We are fortunate to live in a country with a strong commitment to consumer safety.

Unlike some places in the world, Americans have a high degree of confidence that the products they see on store shelves or buy online have been evaluated by a trusted regulatory body and are safe.

One such regulatory body is the U.S. Consumer Product Safety Commission (CPSC), whose mission is to regulate more than 15,000 consumer products, keeping the public safe from preventable injuries and deaths caused by unsafe and defective products.

During my time as a commissioner at the CPSC, we worked to improve the safety of consumer products, such as toys, cribs, power tools, cigarette lighters and household chemicals. I also understood that compliance requirements should not be unjustly burdensome on the manufacturers and small business owners who produced these products. When a regulation becomes overly burdensome, that raises the costs for Americans that need these products for their families. At the CPSC, we had to prove the benefits expected from any rule bore a reasonable relationship to its costs, and that the rule imposed the least burdensome requirement on manufacturers to reduce the risk of injury.

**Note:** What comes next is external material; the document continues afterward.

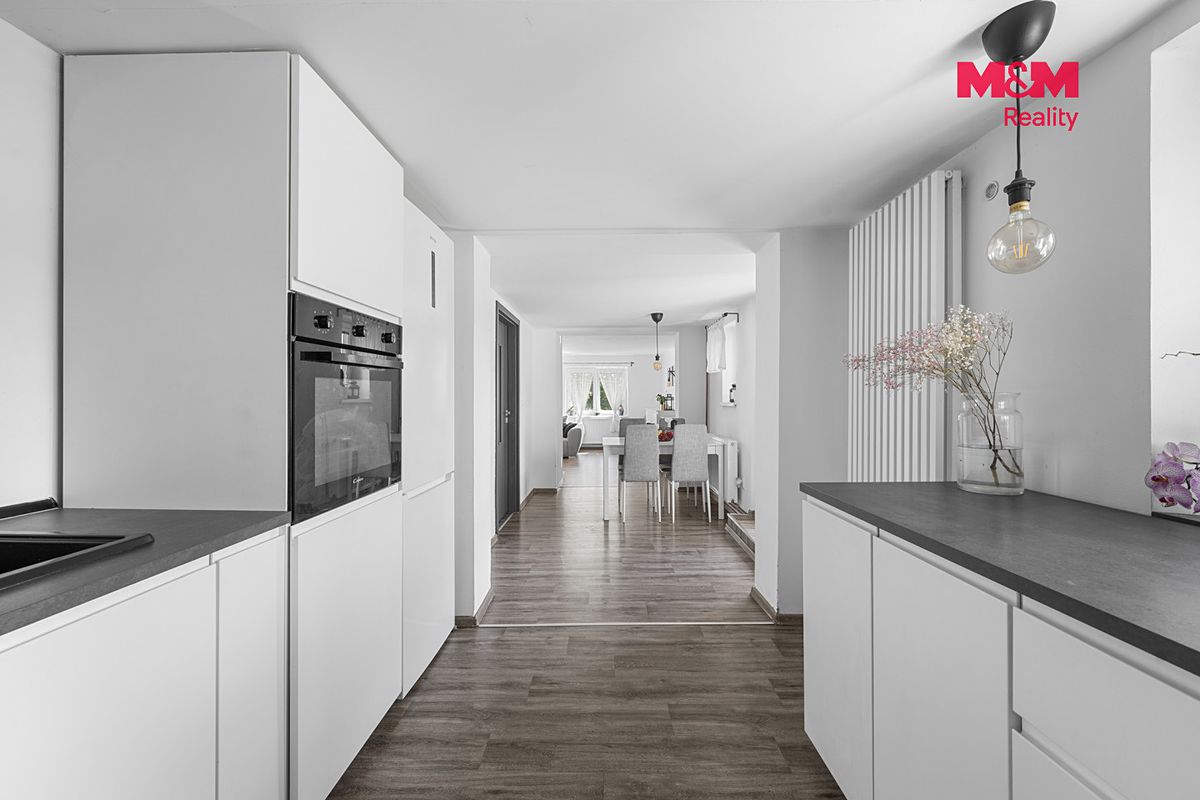 Prodej rodinného domu 154 m², pozemek 893 m² – fotografie 5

California is currently considering state legislation, SB 763, whose stated purpose – to help ensure the safety of children’s products – is a noble one. As a mother and a grandmother, I recognize how important it is for parents to know that their children are safe. But SB 763 seeks to impose a labeling requirement on already safe products, undermining consumer confidence and imposing a costly and unnecessary requirement on businesses.

Specifically, SB 763 would require twenty children’s products, which are already exempt from having to meet California’s flammability standard, to be labeled as containing flame-retardant chemicals or not containing flame-retardant chemicals. Imagine the confusion from expectant parents shopping for needed items when they see that the high chair is labeled as being free of flame-retardants and the crib mattress being labeled as containing them. What are they to conclude about which product is safe?

Numerous state and federal agencies already regulate product testing, formulations and warnings based on exposure and risk. In this case, the Federal Hazardous Substances Act (FHSA), administered by the CPSC, establishes categories of hazardous substances, and labeling requirements for these same consumer products. SB 763 would simply duplicate these efforts, creating confusion and unnecessarily raising their cost.

Additionally, warning labels have proven to be an ineffective mechanism for detailed consumer communication. Studies have repeatedly shown that consumers’ attitudes and beliefs are not influenced by the more specific information contained in warning labels. In fact, scientists reviewed more than 400 articles concerning warning labels on products such as seat belts, health products, and household chemicals and concluded that labels on product warning had no measurable impact on user behavior or product safety, not to mention the practical limitations of requiring more and more information on limited amounts of space.

Implementation of this proposed legislation would also be costly for California businesses. Local businesses and those businesses wishing to sell their products in the state would be required to spend significant time and resources to design and re-label their products.

Unfortunately, laws and regulations with the best intentions can have negative, and unintended consequences. SB 763’s labeling requirements are unnecessary, counter-productive and burdensome because of already existing consumer safety regulations, the confusion the proposed law will create for consumers and caregivers and the additional cost Californians will have to pay for these products.